> _WHAT TO DO_
Quote the data below in full, minus the images.

------ DATA PROVIDED

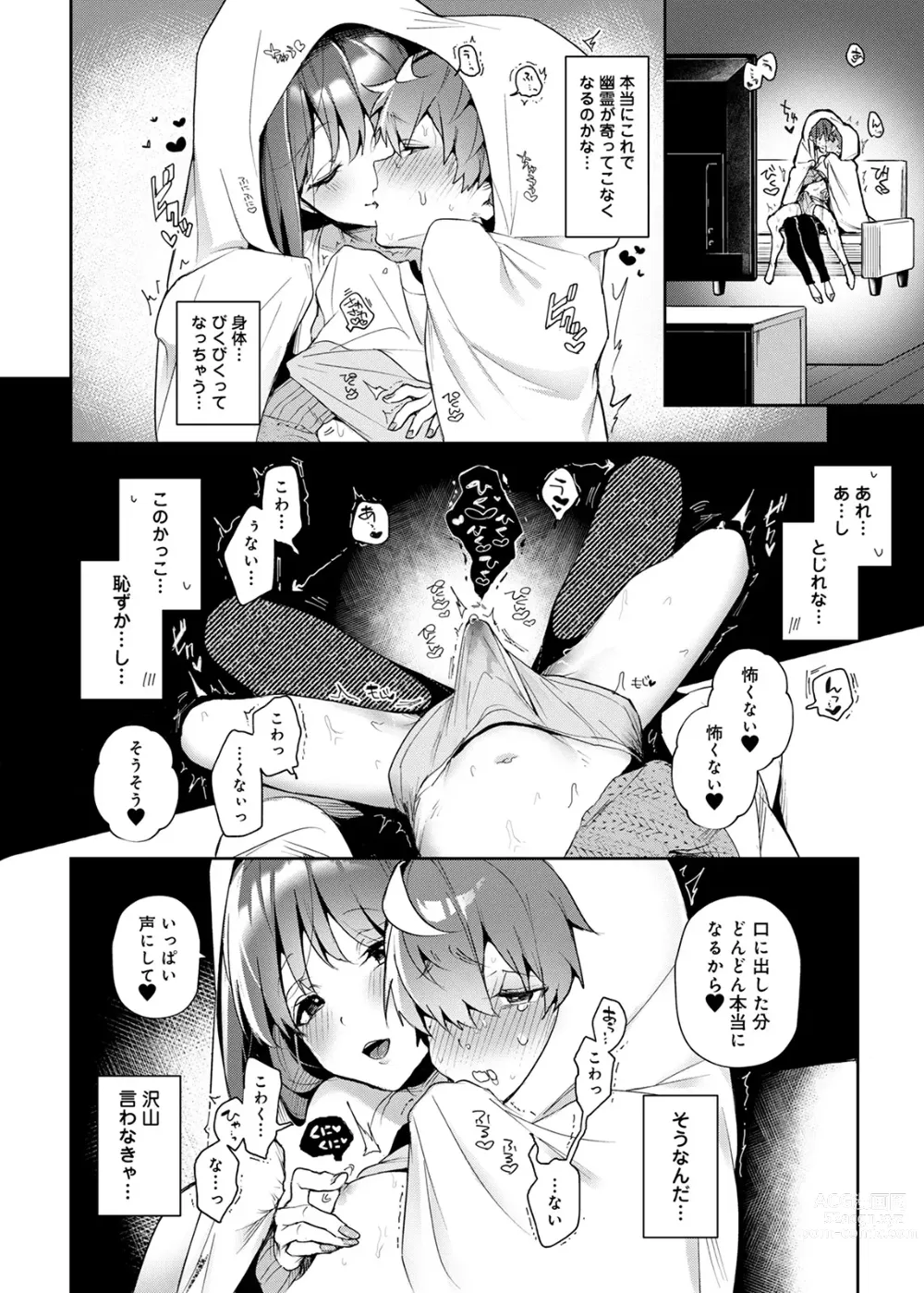 Page 27 of doujinshi Onegai！Onechan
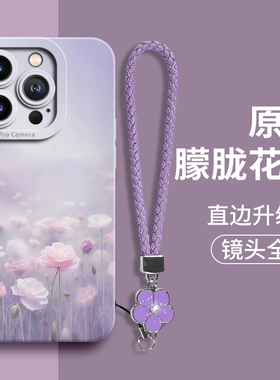 适用苹果16手机壳iphone15promax iph14手绳6.1 ipnoe14por pg12外套i16 mxa女6.7大屏ip13软case back cover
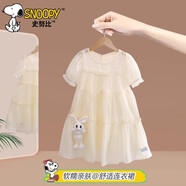 史努比女童連衣裙2026夏季新款小兔子配飾米色紗裙女孩子小清新蛋糕裙 米色 110 建議身高101-110cm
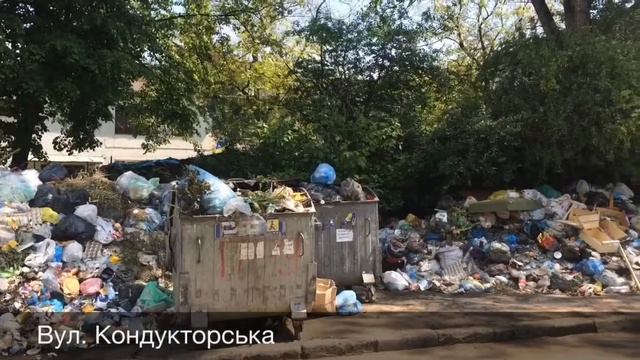 Франківський район перетворюється на стихійне сміттєзвалище смотреть онлайн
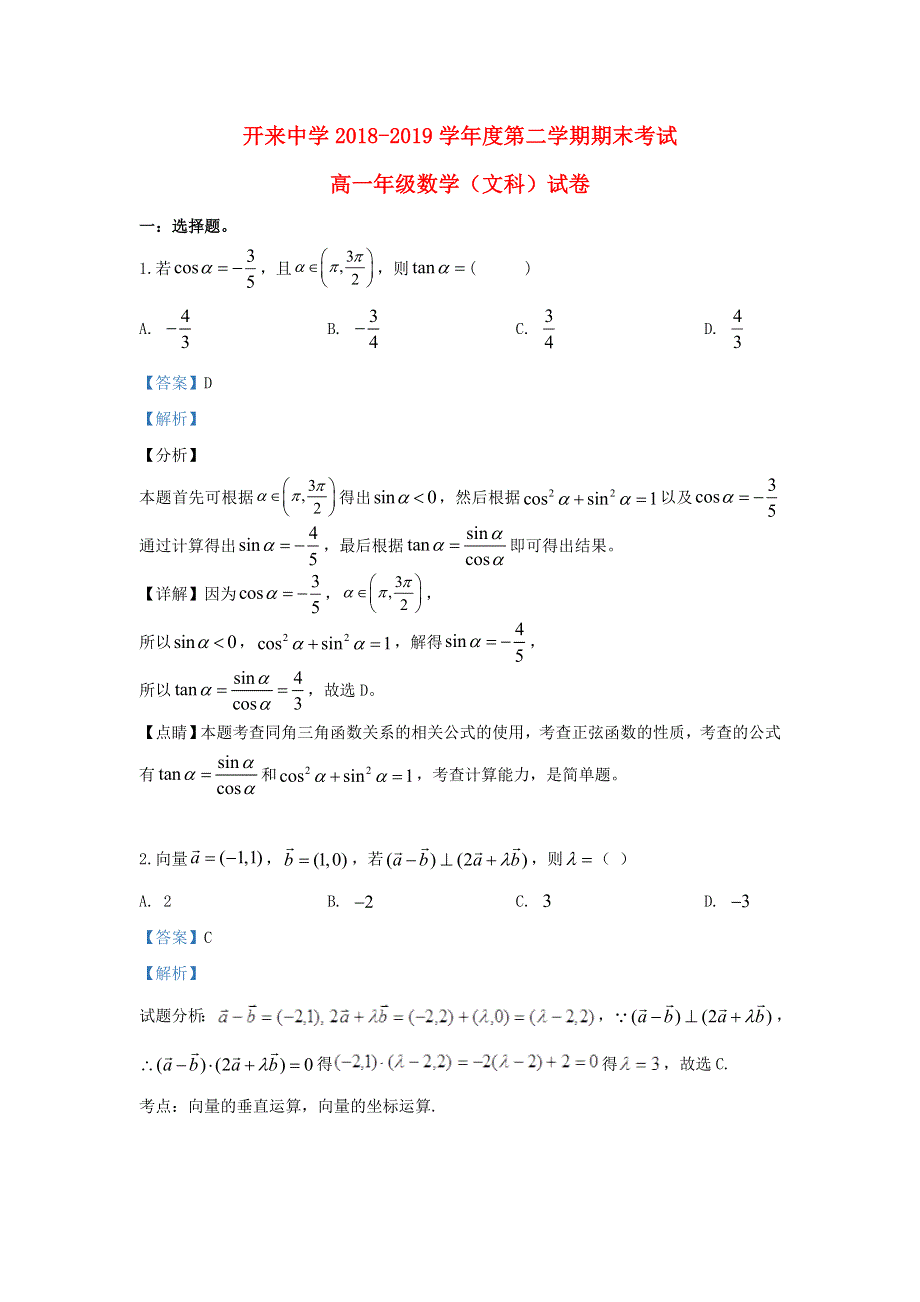 内蒙古开来中学2018-2019学年高一数学下学期期末考试试题 文（含解析）.doc_第1页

------------

> _COMPLETED TASK_
 Page 27 of doujinshi Onegai！Onechan
 适用苹果16手机壳iphone15promax iph14手绳6.1 ipnoe14por pg12外套i16 mxa女6.7大屏ip13软case back cover
 史努比女童連衣裙2026夏季新款小兔子配飾米色紗裙女孩子小清新蛋糕裙 米色 110 建議身高101-110cm
 Франківський район перетворюється на стихійне сміттєзвалище смотреть онлайн
 内蒙古开来中学2018-2019学年高一数学下学期期末考试试题 文（含解析）.doc_第1页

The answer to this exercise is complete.